Segment Start: EXERCISE DATA
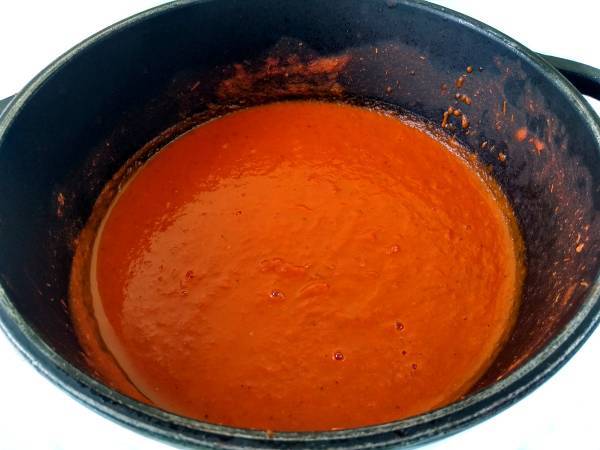 Canelones de carne picada y espinacas - Preparación paso 5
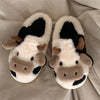 Cow Themed Slippers The Plush Kingdom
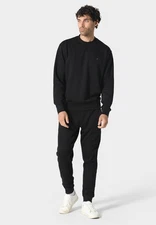 883 Police Mens Crew Neck Sweatshirt Tracksuit Top Joggers Sweat Pants Black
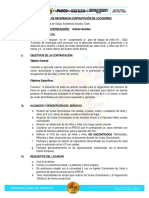 Terminos de Referencia Contratación de Locadores - As Meta 04 - 2022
Segment End: EXERCISE DATA
WORK INSTRUCTIONS :: Output only the lines that run from the line containing "Cow Themed Slippers The Plush Kingdom" to the last line of the data, exactly as they stand and without pictures.

FINISHED TASK ::
 Cow Themed Slippers The Plush Kingdom
 883 Police Mens Crew Neck Sweatshirt Tracksuit Top Joggers Sweat Pants Black
 Terminos de Referencia Contratación de Locadores - As Meta 04 - 2022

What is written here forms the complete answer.